Maurice was just finishing his dressing. He looked round at her inquiringly, laying down his brushes. Felicia’s indignations were rare, and therefore rather alarming; but seeing that this indignation was in no way connected with himself—Felicia’s whole aspect irradiated a sense of union, a conviction that he was to second her in her indignation—he took up the brushes again and put a finishing touch to his hair. “What is it?” he asked, wondering if Mr. Merrick had suddenly become insufferable, and rather hoping that such was the case and that Felicia would initiate a movement to get rid of him. “Nothing to bother you about your father, dear?” he added.

“Exactly. You remember last summer—Lady Angela and papa’s article? She came here this afternoon and asked me to forgive her. I couldn’t; it seemed cruel, I know; but I felt through and through me that I must not trust her. She went away, forgiving me, and now papa tells me that she met him and has been talking with him, and that he finds her charming, and that he is going to lunch with her! Imagine the audacity!”

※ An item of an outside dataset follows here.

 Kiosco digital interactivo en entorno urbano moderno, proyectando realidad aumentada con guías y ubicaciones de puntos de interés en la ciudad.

Maurice, looking at her in the mirror, had turned white, feeling serpent-coils tightening about him again.

“How astonishing!” he ejaculated. But more than astonishment, he felt a sickening fear. What had Angela intended? What did she now intend?

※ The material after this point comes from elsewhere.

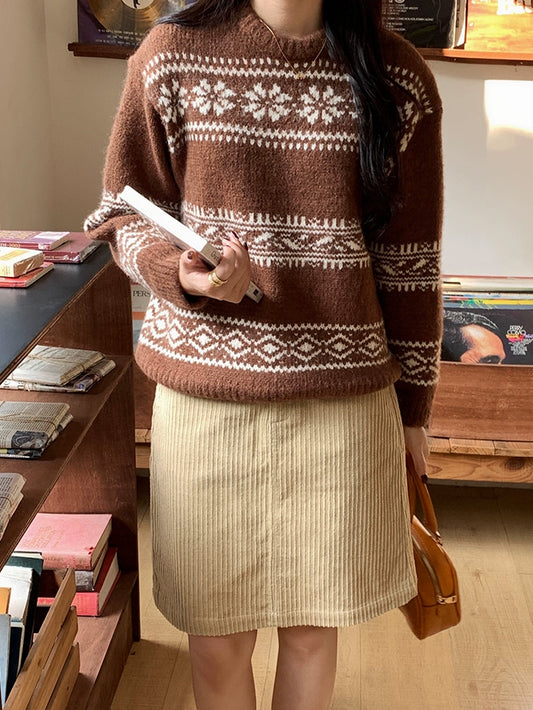 VERILADY |クリスマスラウンドネック雪柄ノルディックケーブルニット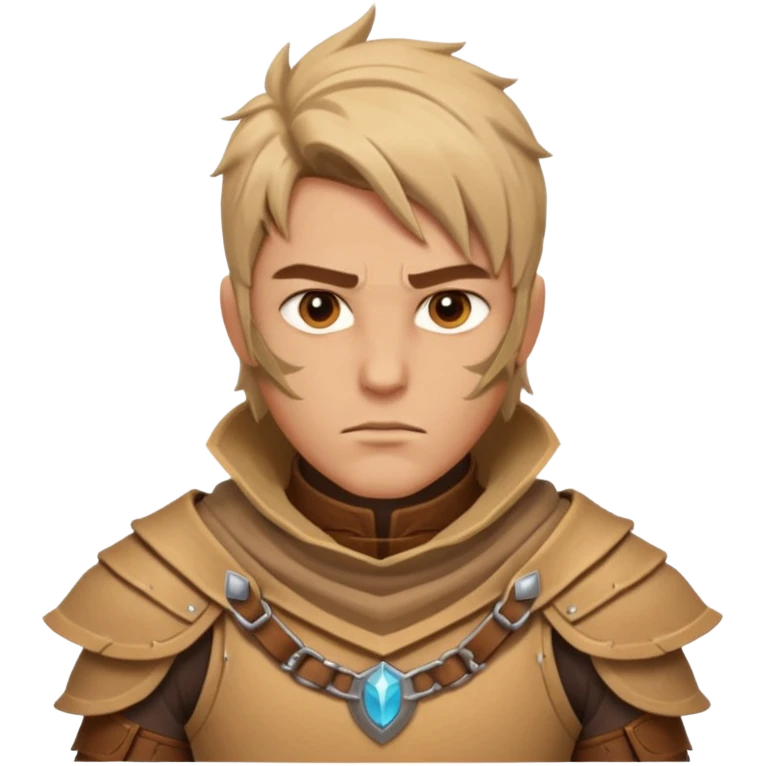 desert warrior portrait, head and shoulders only, sandy cloak collar, leather armor, intense eyes, desert fighter vibe, 3D cartoon, mobile game icon style, clean background, no text, no watermark
 emoji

“We must prevent it,” said Felicia. “I hate, dear, to bring you into it, but you must see as I do that it’s impossible. Try to explain it to papa; try to make him feel that she cannot be trusted, that she will poison everything; that in trusting her he divides himself from me.”

Maurice had begun to tie his white cravat, but his fingers fumbled with it, and he realized that they were trembling. Uppermost in his mind was a hope, clutched at, that Angela’s proffered friendship had been sincere, a dread lest Felicia’s rejection of it should call down upon her Angela’s revenge; for after all had not Angela, under the circumstances, behaved with extraordinary generosity? And what a weapon she held—and withheld—the weapon he himself had put into her hands. It was the thought of this weapon, turned against his wife’s breast, and murdering there her love for him, that made him white.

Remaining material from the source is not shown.